# Working with Files in Python

This notebook will teach you how to:
- [Navigate directories using `pathlib` and `os`](#pathlib)
- [Read different file formats](#format)
- [Work with multiple datasets from a folder](#files)
- [Exercises](#)


<a id=pathlib></a>

## Navigating Directories

### Using `os` module


In [None]:
import os

In [None]:
# Get current working directory
current_dir = os.getcwd()
print(f"Current directory: {current_dir}")

In [None]:
# List all files in a directory
files = os.listdir('data')
print(f"\nFiles in data/: {files}")

In [None]:
# Check if a file exists
file_exists = os.path.exists('data/sales.csv')
print(f"\nDoes sales.csv exist? {file_exists}")

In [None]:
# Get file size
if file_exists:
    file_size = os.path.getsize('data/sales.csv')
    print(f"File size: {file_size} bytes")

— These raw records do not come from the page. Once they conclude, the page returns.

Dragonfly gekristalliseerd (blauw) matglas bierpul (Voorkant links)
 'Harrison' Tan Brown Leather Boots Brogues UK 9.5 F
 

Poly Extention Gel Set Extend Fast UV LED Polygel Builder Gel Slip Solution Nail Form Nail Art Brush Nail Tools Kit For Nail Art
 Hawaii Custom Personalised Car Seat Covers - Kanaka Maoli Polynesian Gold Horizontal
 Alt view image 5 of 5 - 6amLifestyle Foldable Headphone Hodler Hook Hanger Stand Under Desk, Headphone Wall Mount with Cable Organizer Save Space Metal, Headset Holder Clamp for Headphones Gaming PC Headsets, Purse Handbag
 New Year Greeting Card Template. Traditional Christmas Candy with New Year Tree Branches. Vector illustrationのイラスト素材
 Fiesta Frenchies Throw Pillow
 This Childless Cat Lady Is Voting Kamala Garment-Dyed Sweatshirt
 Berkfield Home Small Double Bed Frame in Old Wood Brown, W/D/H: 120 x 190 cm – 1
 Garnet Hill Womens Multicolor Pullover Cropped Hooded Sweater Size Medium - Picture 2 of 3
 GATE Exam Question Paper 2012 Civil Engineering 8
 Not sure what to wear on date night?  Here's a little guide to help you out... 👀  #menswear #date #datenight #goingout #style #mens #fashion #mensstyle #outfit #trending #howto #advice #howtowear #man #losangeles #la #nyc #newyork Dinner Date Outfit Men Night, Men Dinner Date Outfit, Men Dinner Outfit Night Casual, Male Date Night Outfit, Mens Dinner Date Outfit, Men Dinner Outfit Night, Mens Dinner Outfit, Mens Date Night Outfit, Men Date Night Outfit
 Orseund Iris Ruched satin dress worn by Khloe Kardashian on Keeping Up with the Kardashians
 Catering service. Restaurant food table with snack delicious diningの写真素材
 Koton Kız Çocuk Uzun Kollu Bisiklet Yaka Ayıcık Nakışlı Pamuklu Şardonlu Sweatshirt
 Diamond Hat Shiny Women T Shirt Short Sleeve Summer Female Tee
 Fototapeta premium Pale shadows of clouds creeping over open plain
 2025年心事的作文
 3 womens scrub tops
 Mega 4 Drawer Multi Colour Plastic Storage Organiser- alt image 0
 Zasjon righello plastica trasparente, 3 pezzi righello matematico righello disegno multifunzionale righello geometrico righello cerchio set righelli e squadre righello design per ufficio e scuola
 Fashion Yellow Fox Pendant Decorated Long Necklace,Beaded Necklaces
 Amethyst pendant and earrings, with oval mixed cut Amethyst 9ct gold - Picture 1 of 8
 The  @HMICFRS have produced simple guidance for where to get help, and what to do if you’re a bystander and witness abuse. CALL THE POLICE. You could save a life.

### Using `pathlib` (Modern Python approach)


In [None]:
from pathlib import Path

In [None]:
# Get current directory
current_dir = Path.cwd()
print(f"Current directory: {current_dir}")

In [None]:
# Create a path object
data_dir = Path('data')

In [None]:
# List all files
files = list(data_dir.iterdir())
print(f"\nFiles in data/:")
for file in files:
    print(f"  - {file.name}")

In [None]:
# Check if file exists
sales_file = data_dir / 'sales.csv'
print(f"\nDoes sales.csv exist? {sales_file.exists()}")

In [None]:
# Get file info
if sales_file.exists():
    print(f"File size: {sales_file.stat().st_size} bytes")
    print(f"Is it a file? {sales_file.is_file()}")
    print(f"Is it a directory? {sales_file.is_dir()}")

<a id=format></a>

## Reading Different File Types

### Reading CSV Files


In [None]:
import pandas as pd

# Read CSV file
df_csv = pd.read_csv('data/sales.csv')

print("CSV file contents:")
print(df_csv.head())
print(f"\nShape: {df_csv.shape}")
print(f"Columns: {df_csv.columns.tolist()}")

### Reading JSON Files


In [None]:
import json

with open('data/config.json', 'r') as f:
    config = json.load(f)

print("JSON file contents:")
print(json.dumps(config, indent=2))


In [None]:
# Access nested values
print(f"\nDatabase host: {config['database']['host']}")
print(f"API endpoint: {config['api']['endpoint']}")
print(f"Regions: {config['regions']}")


### Reading Parquet Files


In [None]:

# Read Parquet file
df_parquet = pd.read_parquet('data/large_sales.parquet')

print("Parquet file contents:")
print(df_parquet.head())
print(f"\nShape: {df_parquet.shape}")
print(f"\nMemory usage:")
print(df_parquet.memory_usage(deep=True))

# Parquet files are more efficient for large datasets
print(f"\nFirst transaction: {df_parquet.iloc[0]['date']}")
print(f"Last transaction: {df_parquet.iloc[-1]['date']}")


### Reading Text Files


In [None]:
# Method 1: Read entire file as string
with open('data/system_log.txt', 'r') as f:
    log_content = f.read()

print("Text file contents:")
print(log_content[:200])  # First 200 characters


In [None]:
# Method 2: Read line by line
with open('data/system_log.txt', 'r') as f:
    lines = f.readlines()

print(f"Total lines: {len(lines)}")
print("\nFirst 3 lines:")
for line in lines[:3]:
    print(line.strip())


In [None]:
# Method 3: Process line by line (memory efficient for large files)
error_lines = []
with open('data/system_log.txt', 'r') as f:
    for line in f:
        if 'ERROR' in line:
            error_lines.append(line.strip())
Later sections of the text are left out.